The FCA has published a consultation paper proposing a range of measures designed to enhance protection for retail CFD customers. The new measures aim to reduce the risks posed by CFDs and ensure that firms provide better information to customers. The proposals include:
- Enhanced disclosure requirements – the FCA is proposing that retail CFD firms must provide a standardised risk warning to their customers. In addition, the FCA plans to impose a requirement for firms to provide a disclosure stating the percentage of client accounts that made a net profit or loss in the previous calendar quarter and over the last 12 months.
- Leverage limits – the FCA will require firms to apply leverage limits for CFDs. The limits will be set according to both the volatility of the underlying asset and the experience of the customer, as follows:
|Inexperienced retail clients||Experienced retail clients|
|Major FX pairs||25:1||50:1|
|Major stock market indices and gold||20:1||40:1|
|Minor indices and other commodities||10:1||20:1|
|Single stock equities and all other assets||5:1||10:1|
To count as ‘experienced’, clients will be required to evidence that they have conducted at least 10 trades per quarter in four of the previous 12 quarters (or entered into at least 40 trades over the previous 12 months with at least two trades in each quarter); otherwise they will be treated as ‘inexperienced’.
- Ban on bonus promotions – the FCA will prohibit firms from using any form of trading or account opening ‘bonuses’ or benefits to promote their retail CFD products and platforms.
The leverage limits and enhanced disclosure requirements will not apply directly to firms offering CFDs to retail clients in the UK under a cross-border services passport from another EU member state. However, the FCA proposes to restrict financial promotions for incoming firms that do not seek to comply.
The FCA’s proposals are the latest in a line of regulatory interventions in the sector by the FCA and other EU regulators:
- In February, the FCA published a ‘Dear CEO’ letter reminding firms to look closely at their on-boarding procedures, including the quality of appropriateness tests and the adequacy of AML checks.
- On a European level, the European Securities and Markets Authority has published and repeatedly updated a series of questions and answers on retail CFDs intended to foster better supervisory convergence among EU member states.
- In July and August, regulators in Belgium and France took aggressive measures to restrict the marketing or distribution of CFDs to retail investors.
- On 30 November, the Cypriot regulator, CySEC, announced its own restrictions.
CySEC’s measures are of particular interest as many firms that operate in the EU are authorised in Cyprus. Typically, these firms then use a MiFID services passport to offer CFDs to clients in other member states on a cross-border basis.
CySEC has introduced similar restrictions on bonus promotions and is also targeting the use of leverage, although its leverage restrictions are less severe than the FCA’s proposals. CySEC states that firms should offer retail clients a default leverage limit that does not exceed a cap of 50:1, but firms will still be able to give clients the option to change the default to a higher leverage.
The FCA consultation paper also addresses the FCA’s policy considerations in relation to binary options (which the FCA is terming ‘binary bets’).

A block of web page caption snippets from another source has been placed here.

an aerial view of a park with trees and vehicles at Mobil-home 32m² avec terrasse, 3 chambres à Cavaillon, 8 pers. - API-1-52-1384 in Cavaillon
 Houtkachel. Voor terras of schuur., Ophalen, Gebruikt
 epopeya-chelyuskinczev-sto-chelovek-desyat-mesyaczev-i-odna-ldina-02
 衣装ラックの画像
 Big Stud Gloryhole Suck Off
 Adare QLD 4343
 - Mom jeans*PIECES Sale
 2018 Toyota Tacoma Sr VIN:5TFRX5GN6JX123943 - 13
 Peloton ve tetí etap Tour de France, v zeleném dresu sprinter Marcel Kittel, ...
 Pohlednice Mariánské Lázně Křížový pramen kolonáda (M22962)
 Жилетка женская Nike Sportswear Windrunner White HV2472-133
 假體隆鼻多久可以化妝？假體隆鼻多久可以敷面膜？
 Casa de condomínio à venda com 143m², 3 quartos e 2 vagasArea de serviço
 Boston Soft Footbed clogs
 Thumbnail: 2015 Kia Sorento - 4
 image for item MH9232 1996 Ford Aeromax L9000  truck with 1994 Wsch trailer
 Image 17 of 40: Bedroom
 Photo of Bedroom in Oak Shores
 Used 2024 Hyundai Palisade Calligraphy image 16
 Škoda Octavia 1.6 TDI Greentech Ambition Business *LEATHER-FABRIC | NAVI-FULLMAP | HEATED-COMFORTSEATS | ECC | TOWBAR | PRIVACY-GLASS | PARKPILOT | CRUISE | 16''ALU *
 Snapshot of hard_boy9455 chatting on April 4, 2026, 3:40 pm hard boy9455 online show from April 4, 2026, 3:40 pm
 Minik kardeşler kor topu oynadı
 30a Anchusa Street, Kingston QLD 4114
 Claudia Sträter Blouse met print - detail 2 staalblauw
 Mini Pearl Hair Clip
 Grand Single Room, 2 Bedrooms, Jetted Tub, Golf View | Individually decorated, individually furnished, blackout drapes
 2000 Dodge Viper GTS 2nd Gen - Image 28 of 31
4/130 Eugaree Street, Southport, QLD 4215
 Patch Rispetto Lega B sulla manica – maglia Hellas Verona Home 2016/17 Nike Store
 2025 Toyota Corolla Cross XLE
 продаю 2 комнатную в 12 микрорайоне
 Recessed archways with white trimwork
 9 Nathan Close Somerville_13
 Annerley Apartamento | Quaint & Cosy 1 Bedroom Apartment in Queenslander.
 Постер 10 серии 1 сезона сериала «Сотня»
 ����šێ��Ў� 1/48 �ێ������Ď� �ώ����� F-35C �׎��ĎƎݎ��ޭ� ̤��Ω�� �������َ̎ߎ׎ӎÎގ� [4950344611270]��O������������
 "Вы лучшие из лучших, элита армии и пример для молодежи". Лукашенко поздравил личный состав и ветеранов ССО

Binary options are currently treated as gambling products in the UK with providers licensed under the Gambling Commission, rather than being regulated by the FCA.
However, this is set to change as part of the UK’s transposition of MiFID II, when it is anticipated that binary options will be brought within the FCA’s regulatory perimeter. This will bring the UK into line with most other EU jurisdictions which already regulate binary options as regulated securities under MiFID. The FCA makes clear that it believes that binary options carry material consumer protection risks, on the basis that they:
- do not allow retail investors to make informed decisions and can lead to addictive behaviour akin to gambling;
- pose significant information asymmetries for clients; and
- lead to conflicts of interest for the firm which takes the other side of the client’s bet, there potentially being a strong commercial incentive for firms to manipulate expiry reference prices to avoid pay-outs to clients.
The FCA states that it is considering possible policy measures to address these risks, including a potential restriction on marketing binaries to certain retail clients and the future use of product intervention powers under MiFID II to address specific product features, marketing, distribution or sales techniques.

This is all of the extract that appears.